Operating results for the three and six month periods ended June
30, 2000 may not be indicative of the results that may be
expected for the year ending December 31, 2000. For further
information, reference is also made to the Consolidated Financial
Statements contained in the Company's Annual Report on Form 10-
KSB for the year ended December 31, 1999 (the "1999 10-K").
The accompanying consolidated financial statements have been
prepared on a going concern basis, which contemplates continuity
of operations, realization of assets and liquidation of
liabilities in the ordinary course of business. The Company has
had a history of insufficient liquidity and has been dependent
upon Shamrock Holdings Group, Inc. and certain related entities
(collectively, "Shamrock") for both working capital and project
related financing.
The Company's recurring losses raise substantial doubt about the
ability of the Company to continue as a going concern.

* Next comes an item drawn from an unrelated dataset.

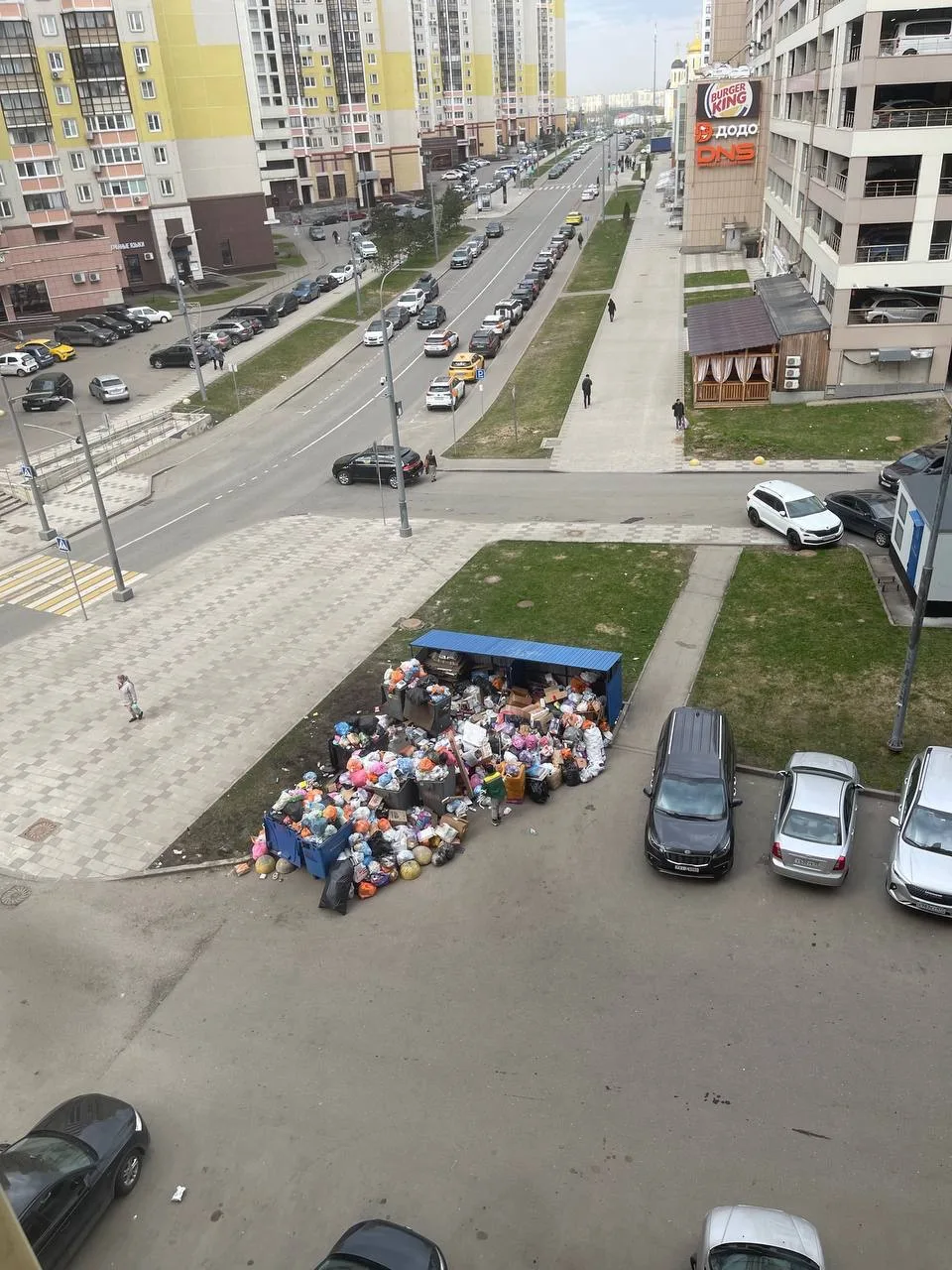 В ЖК «Солнцево Парк» подрядчик по вывозу мусора внезапно исчез.  Возможно, УК Пик Комфорт забыла пер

Management's plans concerning these matters are discussed in Note
2. The accompanying unaudited Consolidated Interim Financial
Statements do not include any additional adjustments that might
result from the outcome of these uncertainties.
NOTE 2: LIQUIDITY AND CONTINUATION OF BUSINESS
The Company had available cash of approximately $214,000 as of
June 30, 2000. Such amount is anticipated to be sufficient for
the Company's budgeted costs through January 31, 2001. The
Company's ability to continue in business is primarily dependent
upon its ability to obtain sufficient funds for its operations.
However, the Company has no current commitments or prospects for
additional funds. If the Company does not receive additional
funds prior to January 31, 2001, it would then need to pursue a
formal plan of reorganization or liquidation. A formal plan of
reorganization or liquidation would generally result in the sale
of the Company's assets to satisfy outstanding obligations. There
can be no assurance that if either action is required to be
pursued that all such obligations would be completely satisfied.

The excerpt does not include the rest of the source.